Transcribe every entry word for word, but skip the images.

:: Data

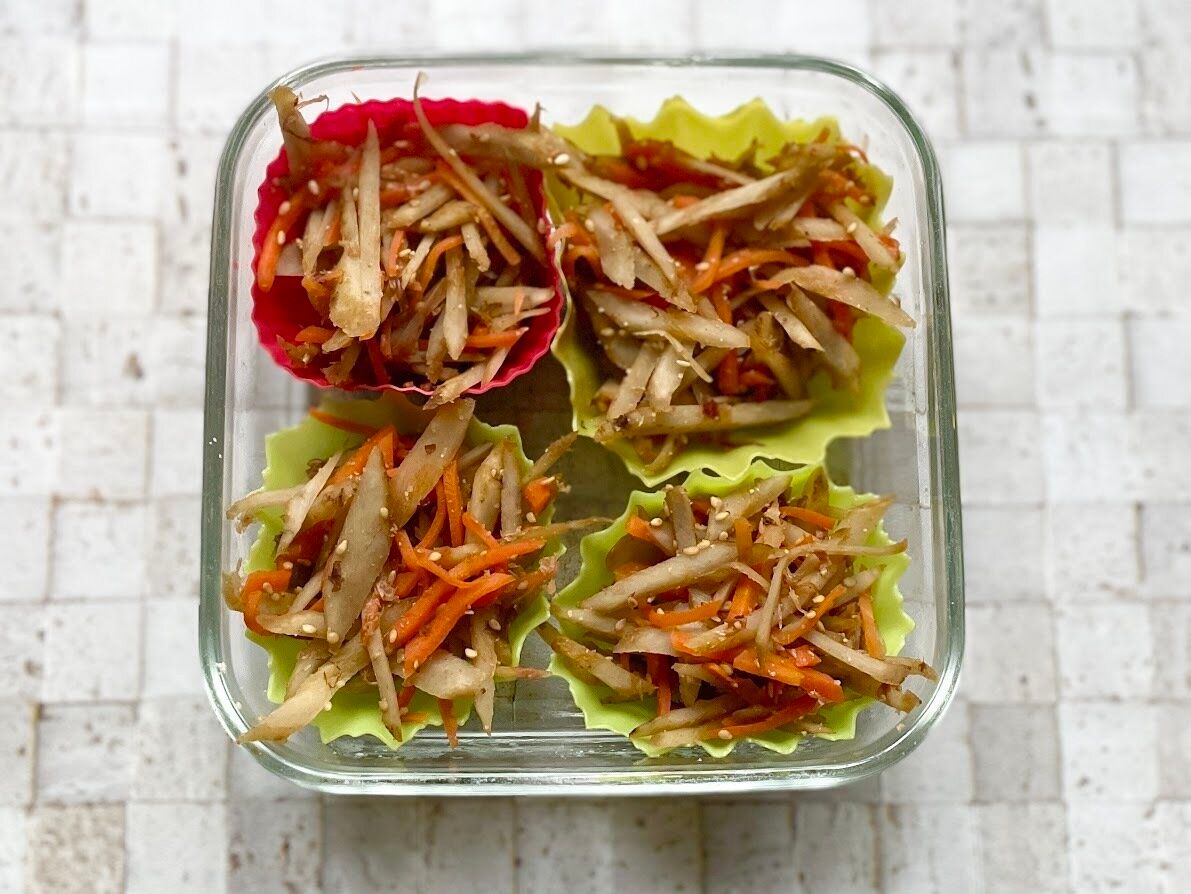 夕飯から取り分けた弁当のおかず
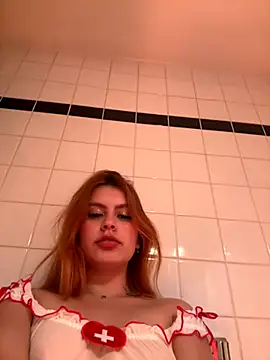 Snapshot of Isa_smeraldy chatting on 09/26/25, 11:20 Isa smeraldy online show from 09/26/25, 11:20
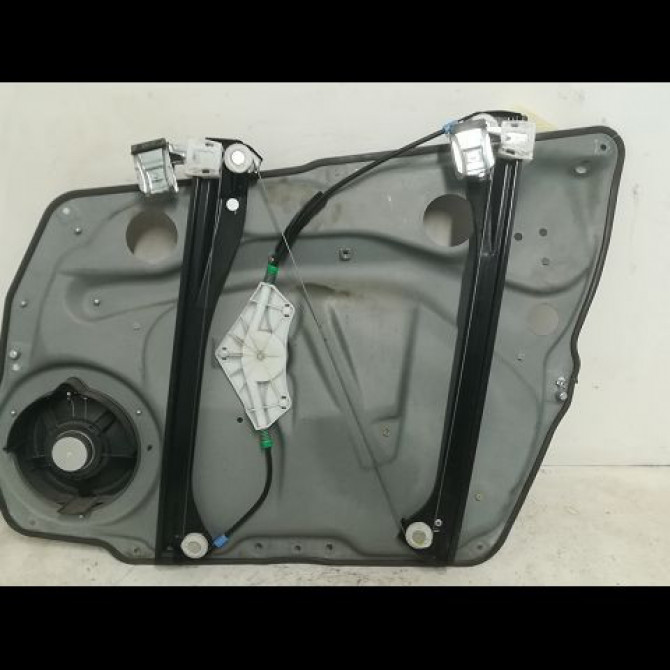 Mecanisme+moteur leve-glace avg occasion MERCEDES CLASSE B I Phase 2 04-2008->09-2011 B 200 CDI 2
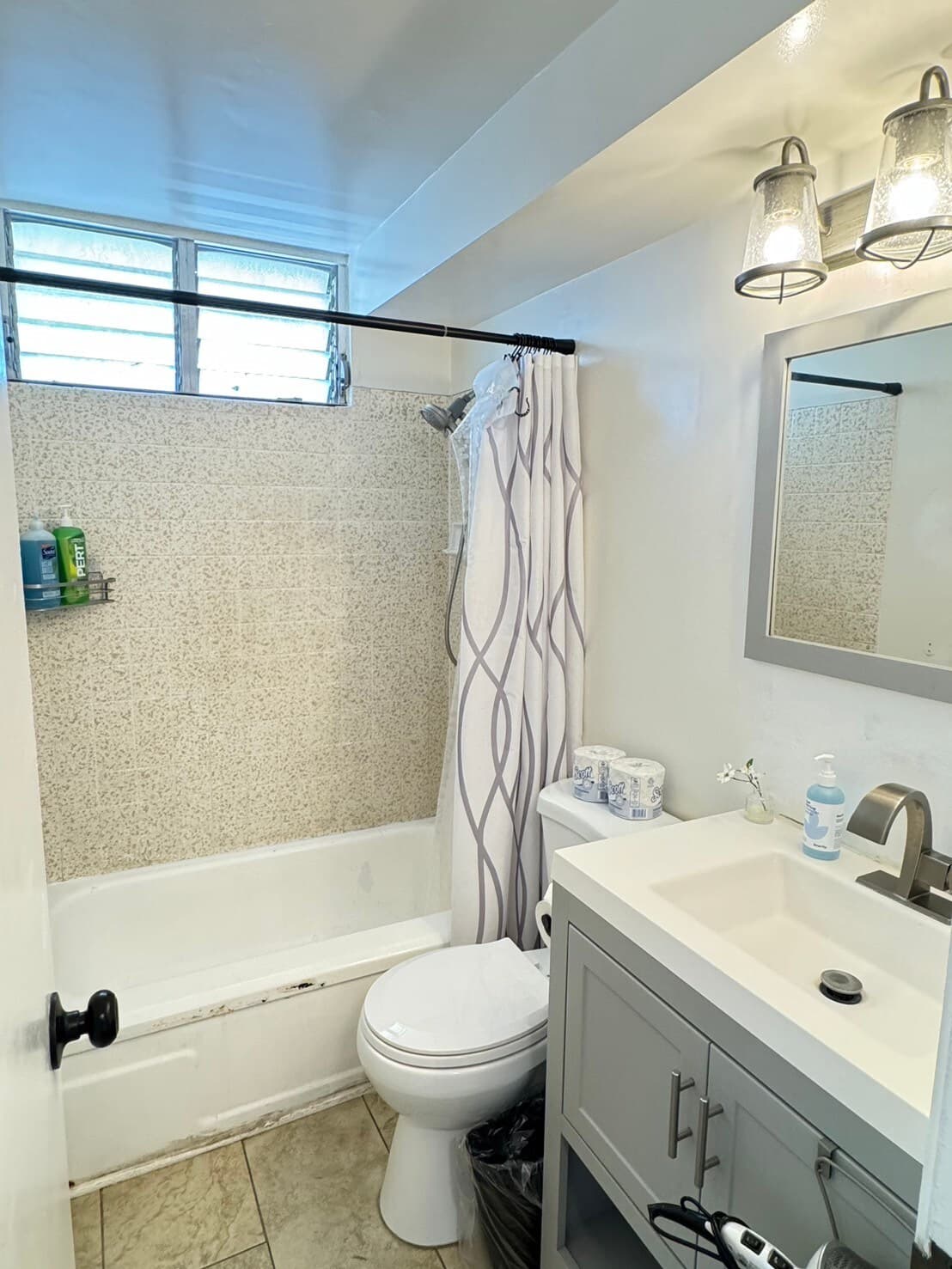 Condo in Honolulu · ★4.8 · Studio · 1 bed · 1 private bath - Photo 5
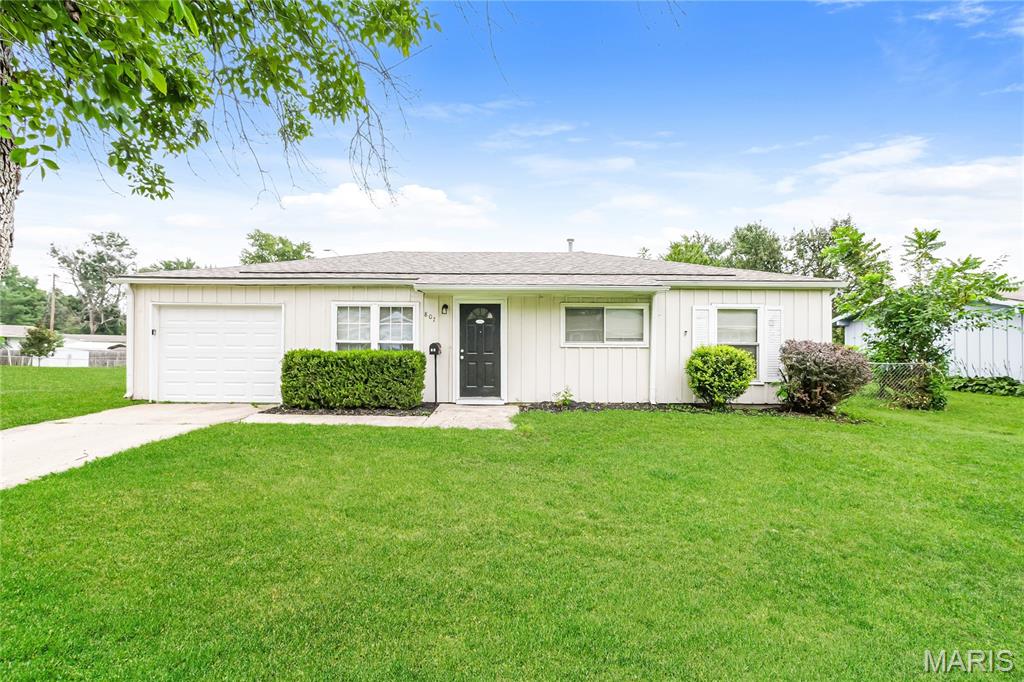 This single-family residential property at 807 N Ponca Drive offers 1,814 square feet of finished living space, featuring four bedrooms and three full bathrooms. Situated in Independence, Missouri, the functional floor plan incorporates multiple full baths for added layout efficiency. This property delivers low-maintenance living with generous indoor square footage.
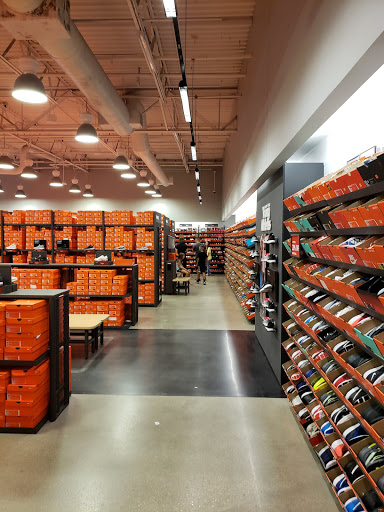 Clothing Store «Nike Factory Store», reviews and photos, 10801 Corkscrew Rd D-177, Estero, FL 33928, USA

::::

**Answer to the exercise**
 夕飯から取り分けた弁当のおかず
 Snapshot of Isa_smeraldy chatting on 09/26/25, 11:20 Isa smeraldy online show from 09/26/25, 11:20
 Mecanisme+moteur leve-glace avg occasion MERCEDES CLASSE B I Phase 2 04-2008->09-2011 B 200 CDI 2
 Condo in Honolulu · ★4.8 · Studio · 1 bed · 1 private bath - Photo 5
 This single-family residential property at 807 N Ponca Drive offers 1,814 square feet of finished living space, featuring four bedrooms and three full bathrooms. Situated in Independence, Missouri, the functional floor plan incorporates multiple full baths for added layout efficiency. This property delivers low-maintenance living with generous indoor square footage.
 Clothing Store «Nike Factory Store», reviews and photos, 10801 Corkscrew Rd D-177, Estero, FL 33928, USA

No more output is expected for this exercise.